O artigo 1º do Código afirma: “Todo anúncio deve ser respeitador e conformar-se às leis do país; deve, ainda, ser honesto e verdadeiro”. Logo toda publicidade que incide algum tipo de fraude é reprovada pela ética publicitária.
Recebida a denúncia pelo Conar de um anúncio que possa ser enquadrado nestas características – ou sendo ela constata pela nossa monitoria – abre-se representação ética, notificando-se o anunciante, agência e influenciador, quando for o caso, garantindo-se amplo direito de defesa a eles. O caso é levado então a julgamento por uma das oito câmaras do Conselho de Ética que deliberam, se identificado problema ético no anúncio, pela alteração ou sustação da peça, podendo a recomendação ser agravada por advertência. A decisão é encaminhada às partes, que devem providenciar o seu cumprimento. Há duas instâncias de recurso no Conar, mas a decisão inicial deve ser cumprida no menor prazo possível. A tramitação rotineira de uma representação é de cerca de 40 dias. Em casos graves, pode haver sustação liminar do anúncio após a abertura da representação.

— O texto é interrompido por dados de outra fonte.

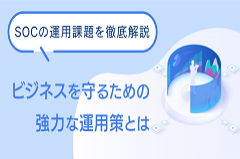 SOCの課題とは｜サイバー攻撃への即応力を高める方法とは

4) Um dos anúncios que vi (e gravei) foi o da Betse, a casa de apostas que ao que tudo indica é do próprio Kwai. Nele há a sugestão de que aposta paga dívidas, oferta de ganhos irreais, sugestão de que há um bug no site que permite lucros altos e os atores são influenciadores jovens. Eu gostaria de confirmar se isso vai contra as regras do Conar.
Todas as situações descritas por você contrariam recomendações do Anexo X do Código. Não foram analisados anúncios em concreto, vez que a constatação de irregularidade demandaria o procedimento acima descrito.
Como fizemos isso?
Primeiro, criamos uma conta no Kwai usando um número de celular e o atribuímos ao usuário de testes, batizado de Caio Enzo, de 13 anos. Essa é a idade mínima que a rede social estabelece para se registrar nela. Com isso, usamos a plataforma de forma livre e exploratória para entender se um menor poderia ser exposto a apostas e jogos de azar usando a rede social.
Como esse teste inicial pareceu confirmar a suspeita, criamos duas contas de e-mail no Google, batizadas de Juninho Bet e Bete Maria, respectivamente cadastrados com 13 e 12 anos. No caso de Bete Maria, ativamos o controle parental da big tech norte-americana e colocamos o repórter como "responsável" pela "criança". Fizemos tudo isso em um segundo celular.
Em seguida, nos registramos no Kwai usando esses gmails e passamos a gravar a tela ao longo da nossa navegação usando essas contas infantis. O aparelho teve o cache limpo e o app desinstalado antes de trocarmos de contas em nossa rodada de testes, do Juninho para a Bete.
Ao longo da nossa navegação no app, jogamos os games disponíveis na central do Kwai e tentamos arrecadar as moedas virtuais da rede social. Foram ao menos seis rodadas gravadas de uso, que duraram por volta de 15 minutos cada, realizadas com ambas as contas. Usamos esse material gravado como base para esta reportagem.
Também fizemos outras rodadas mais curtas de uso com o propósito de tirar prints de tela ou gravar brevemente certos recursos disponíveis no app. Todos esses testes foram rodados entre 9.mai.2024 e 30.mai.2024.